The Wolf, the Duck and the Mouse is currently being performed at the Unicorn Theatre in Southwark by New Perspectives, an East Midlands based touring theatre company. It is aimed at 3 to 7 year olds and lasts just under one hour.

The play has been adapted by Jack McNamara from the book of the same name by Mac Barnett and Jon Klassen. There are embellishments - notably the addition of a Fly and lots of music and a script which appeals not only to the target audience but at another level to accompanying adults.

The Wolf who is played by Catherine Whitefield has swallowed the Mouse whole. Inside the Wolf”s belly he meets the Duck who has also at some earlier time been swallowed whole. ‘I may have been swallowed but I have not been eaten”

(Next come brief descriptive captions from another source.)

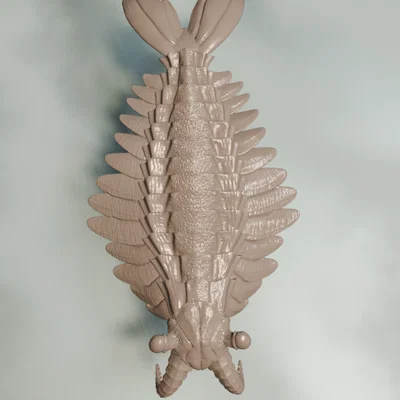 Tượng Anomalocaris (Anomalocaris sculpture)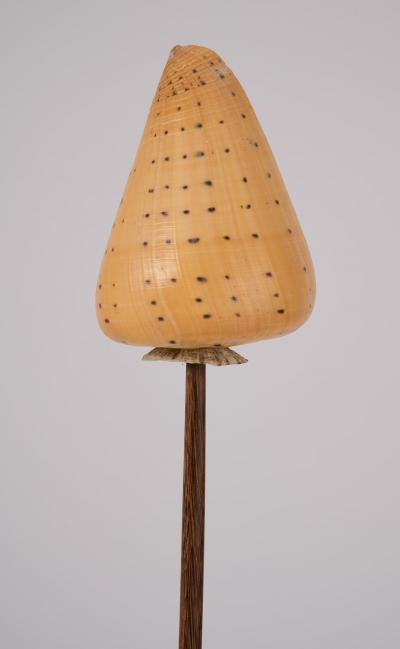NICOLAS CESBRON Pair of Nicolas Cesbron Tall Table Lamps with Shell Shades France 2023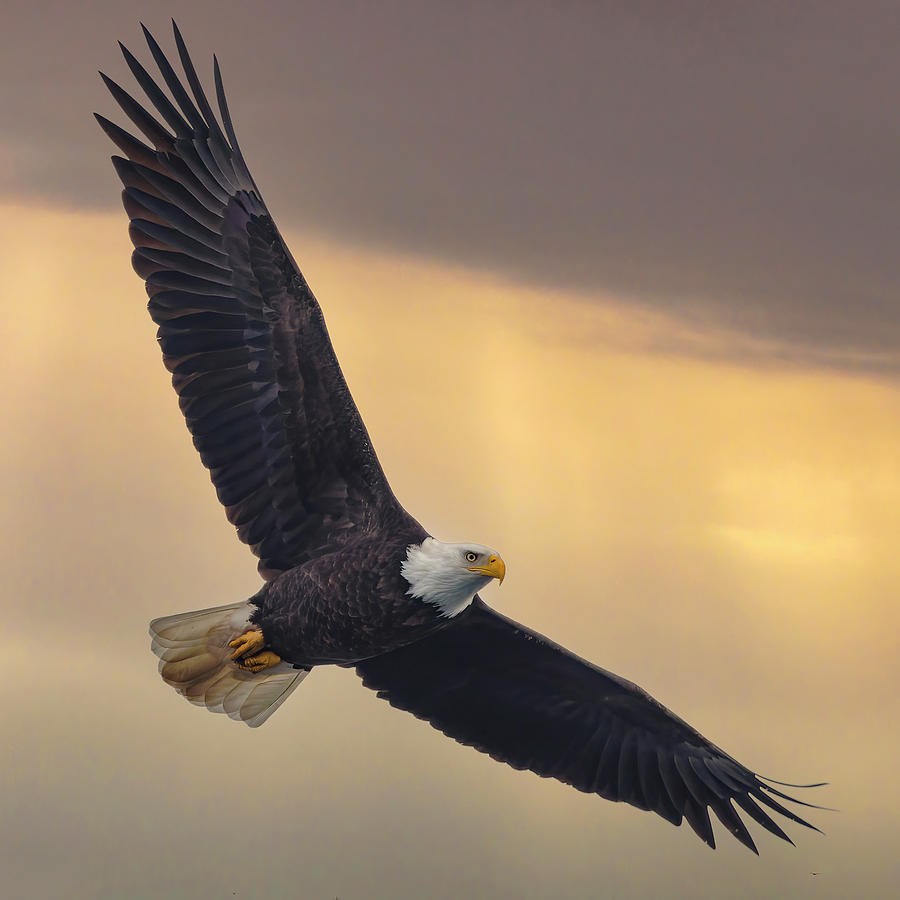 Bald Eagle Soaring Photograph by Angie Vogel - Pixels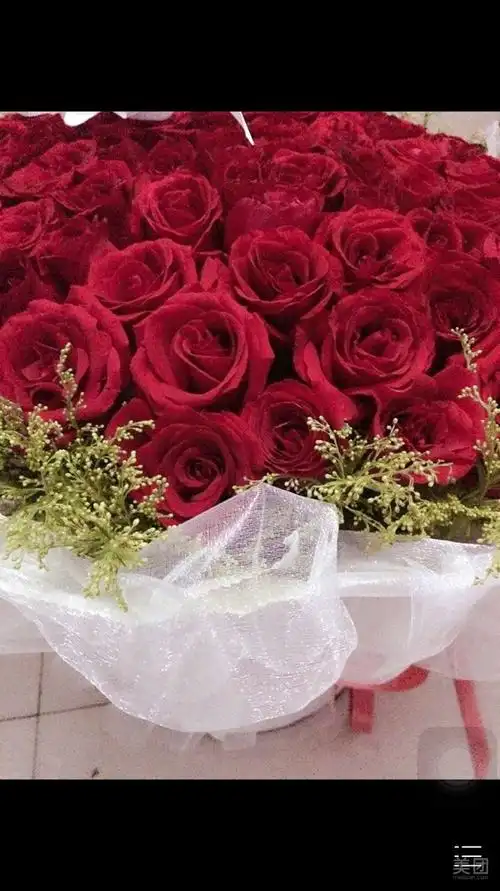 金达莱鲜花(富士康)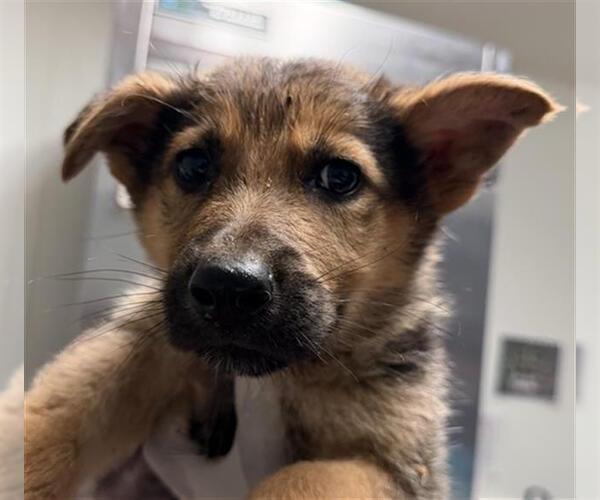 Medium Photo #1 German Shepherd Dog Puppy For Sale in Bakersfield, CA, USA
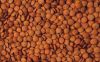 Red lentils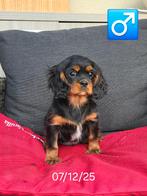 magnifiques chiots Cavalier King Charles, Animaux & Accessoires, Chien (mâle), Hépatite contagieuse (maladie de Rubarth), Belgique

The Duck has set up home inside the Wolf and agrees to share the space with the Mouse to relieve his boredom. They celebrate their new friendship with a dance which causes the Wolf to have a stomach ache and to moan. This attracts the attention of two hunters who eventually shoot but miss the Wolf.

The resulting shock and upset cause the inhabitants of the Wolf’s belly to be regurgitated and offered a chance to return to their former existence outside. Instead they decline and choose to return to the safety of the Wolf”s stomach where nothing more can harm them, they argue ,because the worst has already happened .

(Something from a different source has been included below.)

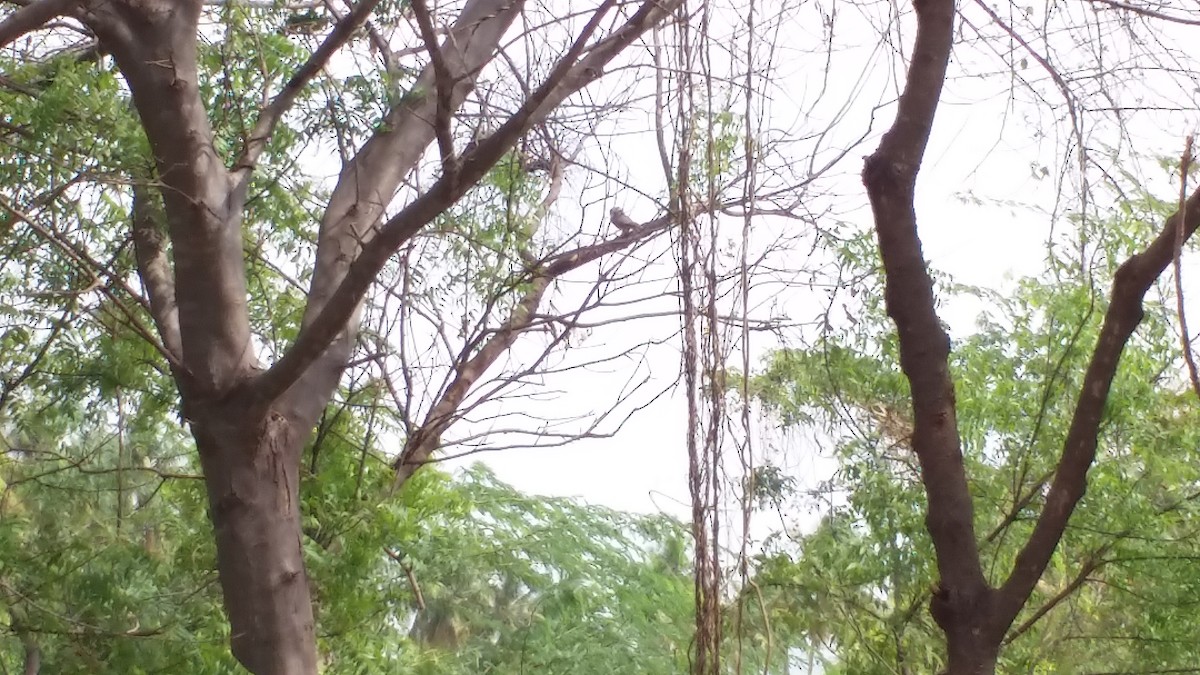 Spotted Owlet - vaazhaikumar kumar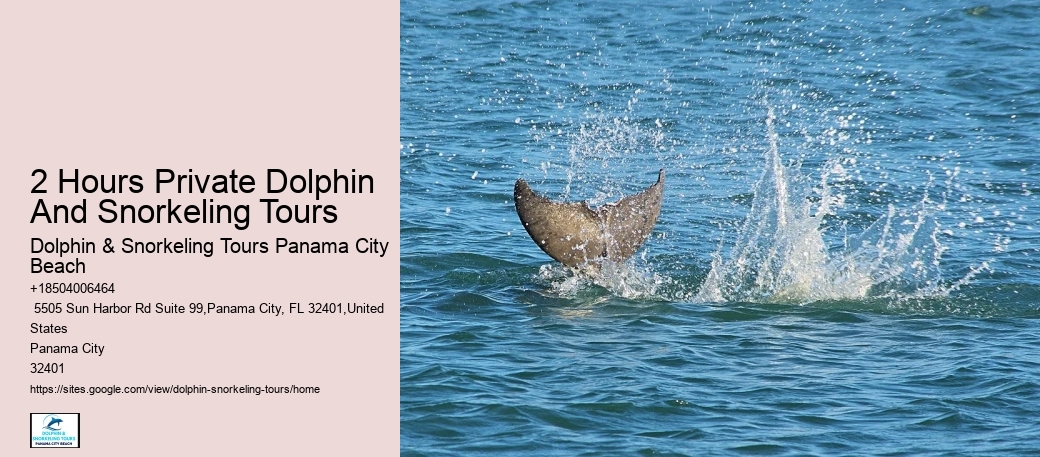 Dolphin Safaris PCB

The adapted play seems to be an amalgamation of Red Riding Hood and I Know An Old Woman who Swallowed a Fly with a rather strange message of comfort that once ones most dreadful fears having been realised life turns out to be so bad after all. Is there a Brexit subtext here?

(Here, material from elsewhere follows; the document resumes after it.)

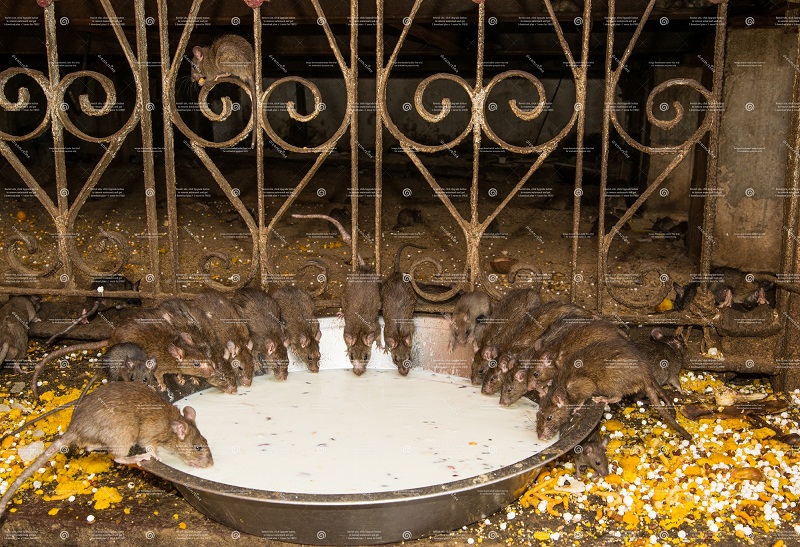 See Camel Centre, Rat Temple from Jodhpur & Bikaner Drop with Guide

The cast of three play all the many parts - owls, trees, hunters, a fly as well as the three main characters with great pantomime gusto. The somewhat strange casting of having the Mouse, Varun Raj, and the Duck, Sam Buttery, twice the size of the Wolf who had swallowed them puzzled me but did not seem to bother the children in the audience. It may have been a deliberate attempt to soften the potentially frightening aspect of a wolf. There were several girls in the audience sobbing in terror anyway but there were others who were much more robust and shouted replies to questions with answers that necessitated fast ad-libbing by the cast.

The Duck Mouse and the Wolf were all excellent. The set was very faithful to the book- simple effective and beautiful. My only real criticism was that the duck could have been more duck like in appearance, the mouse more mouselike and the wolf more wolf like and scary but I suspect that children have more imagination than me.
I would recommend this show to any child unafraid of wolves and with a prior reading of the book.